### Goal of the exercise
Please repeat only the lines below starting at the line that holds "201 Springwood Drive, Woodstock, IL" and ending at the line that holds "2016 Kia Soul", exactly, with both of those lines included and every picture omitted.

### Records
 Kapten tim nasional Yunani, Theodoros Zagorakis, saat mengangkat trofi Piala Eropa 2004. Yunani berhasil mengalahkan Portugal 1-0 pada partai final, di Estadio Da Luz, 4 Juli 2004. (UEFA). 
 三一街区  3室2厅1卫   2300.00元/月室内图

...

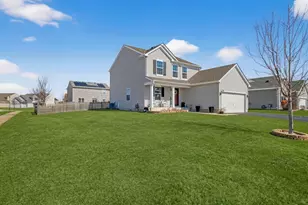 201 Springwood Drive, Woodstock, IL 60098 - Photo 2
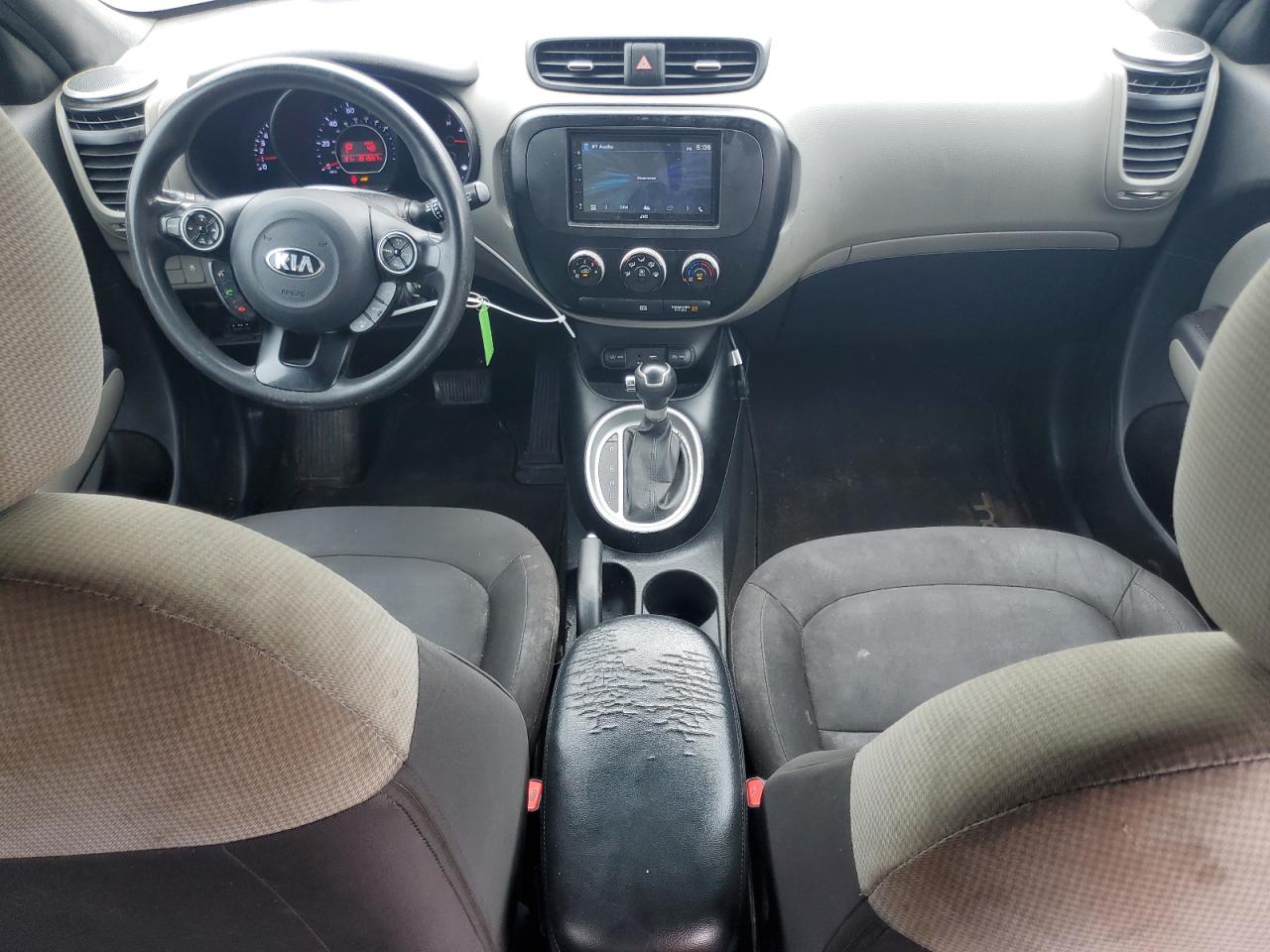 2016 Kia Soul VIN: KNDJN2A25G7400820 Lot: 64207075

---

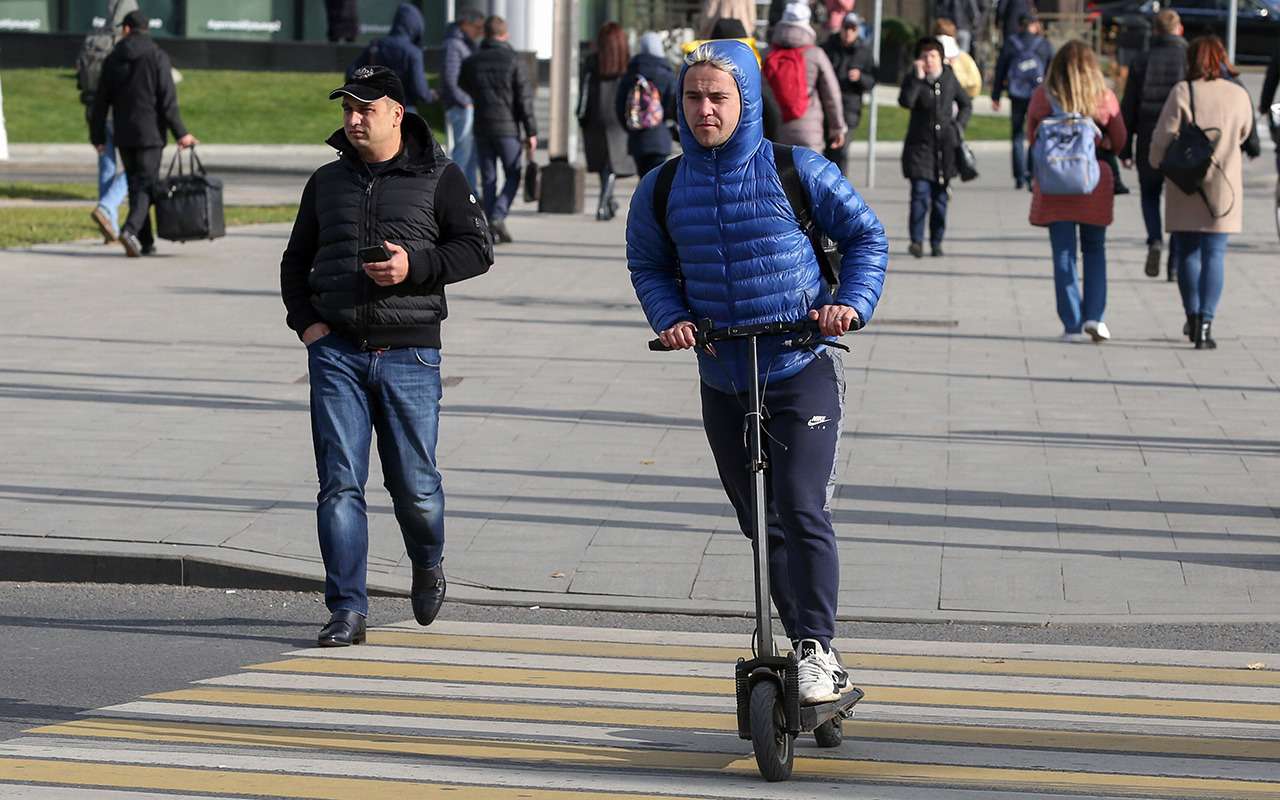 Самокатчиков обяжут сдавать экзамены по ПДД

### Exercise output
 201 Springwood Drive, Woodstock, IL 60098 - Photo 2
 2016 Kia Soul VIN: KNDJN2A25G7400820 Lot: 64207075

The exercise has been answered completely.